*** ENTRIES PROVIDED ***
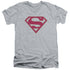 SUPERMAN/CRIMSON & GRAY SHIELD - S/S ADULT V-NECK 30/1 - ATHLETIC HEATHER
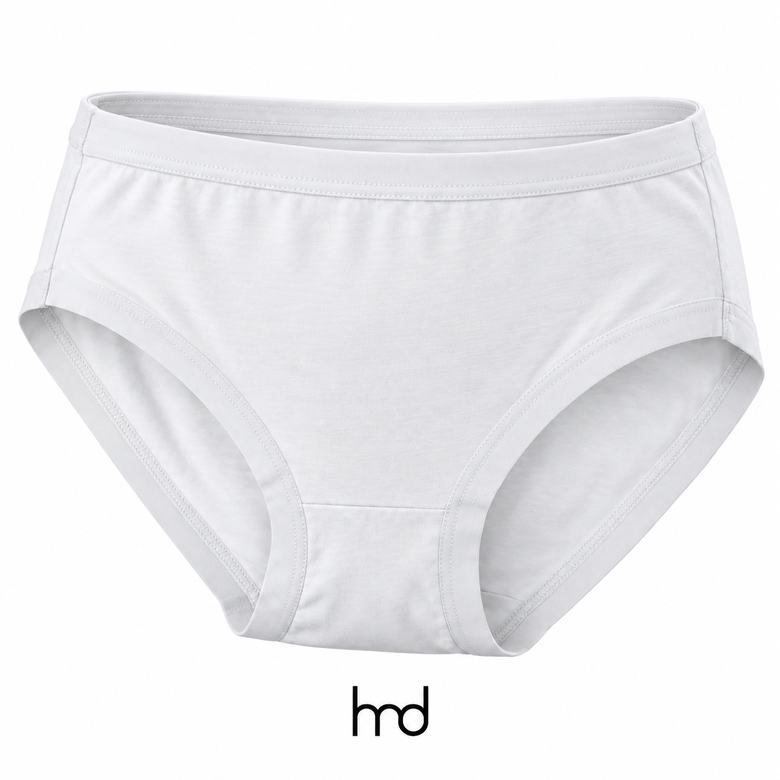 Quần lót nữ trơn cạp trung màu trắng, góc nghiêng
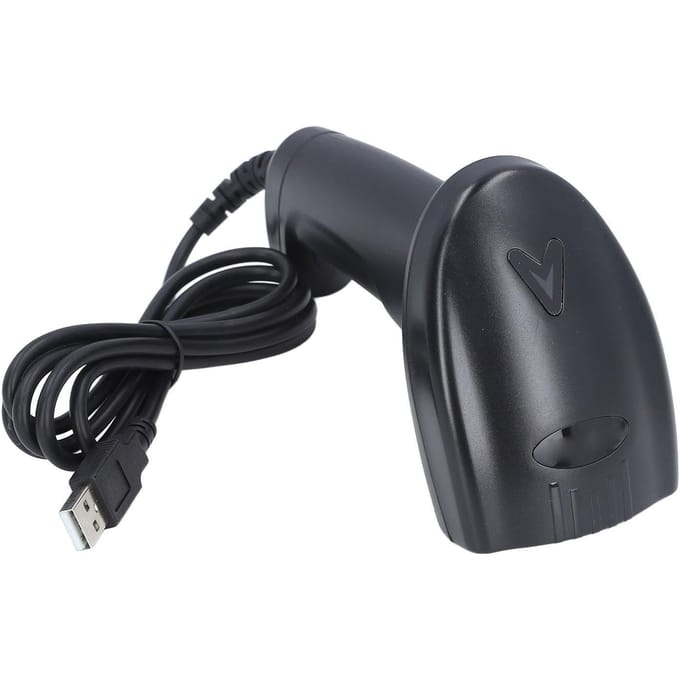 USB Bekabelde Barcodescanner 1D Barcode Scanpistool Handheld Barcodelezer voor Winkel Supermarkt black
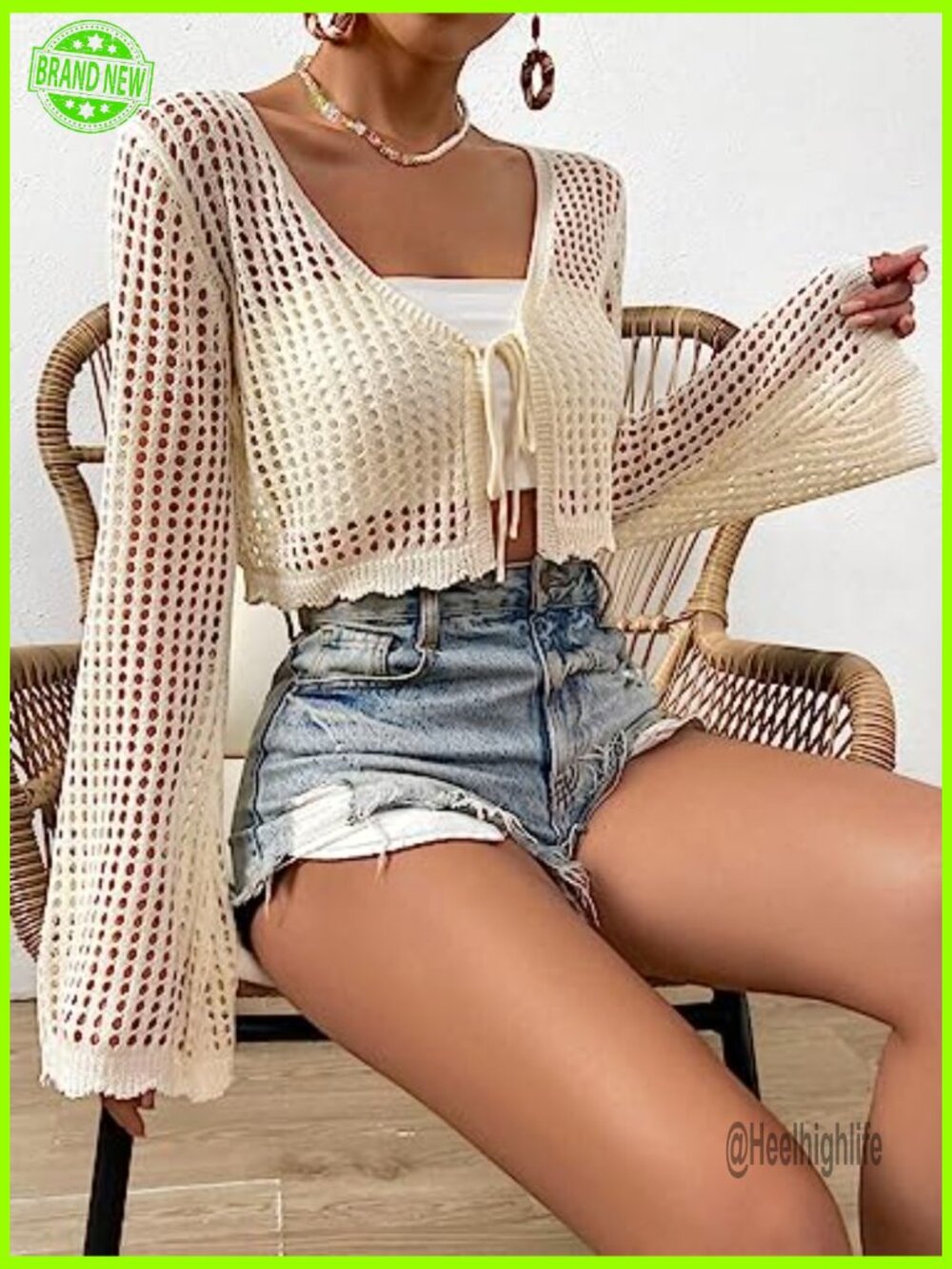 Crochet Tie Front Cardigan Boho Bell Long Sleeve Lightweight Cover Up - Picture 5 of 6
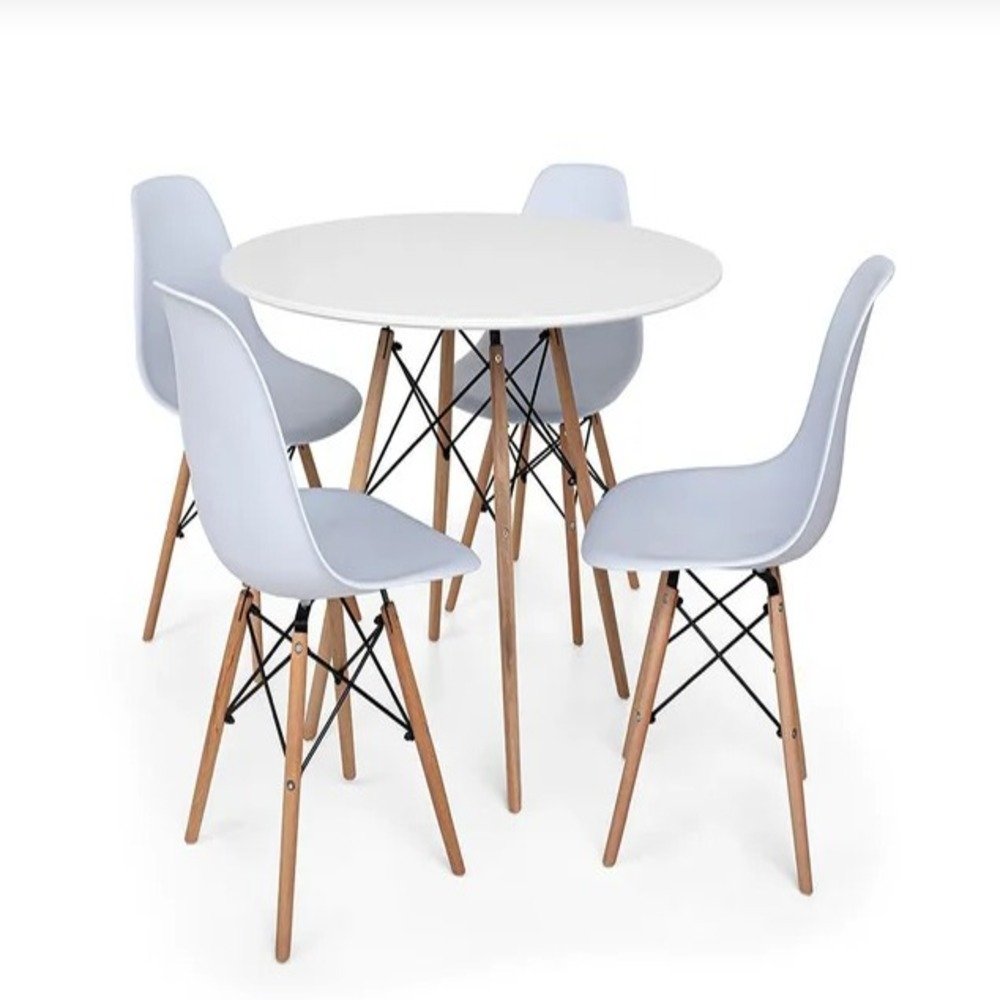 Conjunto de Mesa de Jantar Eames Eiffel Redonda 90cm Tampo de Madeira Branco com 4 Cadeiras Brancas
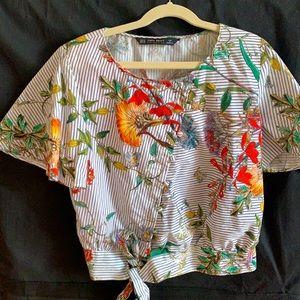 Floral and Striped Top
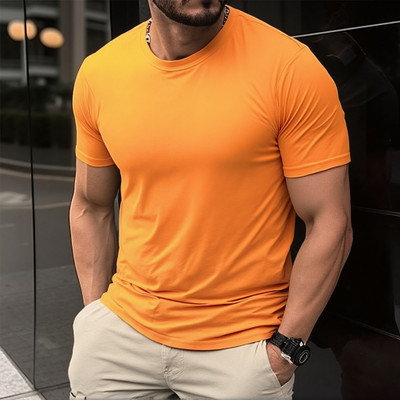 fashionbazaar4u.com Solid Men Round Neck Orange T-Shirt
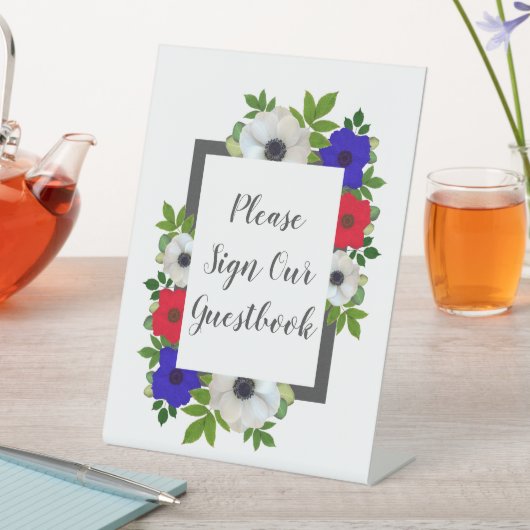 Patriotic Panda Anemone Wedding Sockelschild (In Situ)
*** End of ENTRIES PROVIDED ***
= WHAT THE EXERCISE ASKS =
Skip the images and set down the rest of the data unchanged.

= OUTPUT FOR THIS EXERCISE =
 SUPERMAN/CRIMSON & GRAY SHIELD - S/S ADULT V-NECK 30/1 - ATHLETIC HEATHER
 Quần lót nữ trơn cạp trung màu trắng, góc nghiêng
 USB Bekabelde Barcodescanner 1D Barcode Scanpistool Handheld Barcodelezer voor Winkel Supermarkt black
 Crochet Tie Front Cardigan Boho Bell Long Sleeve Lightweight Cover Up - Picture 5 of 6
 Conjunto de Mesa de Jantar Eames Eiffel Redonda 90cm Tampo de Madeira Branco com 4 Cadeiras Brancas
 Floral and Striped Top
 fashionbazaar4u.com Solid Men Round Neck Orange T-Shirt
 Patriotic Panda Anemone Wedding Sockelschild (In Situ)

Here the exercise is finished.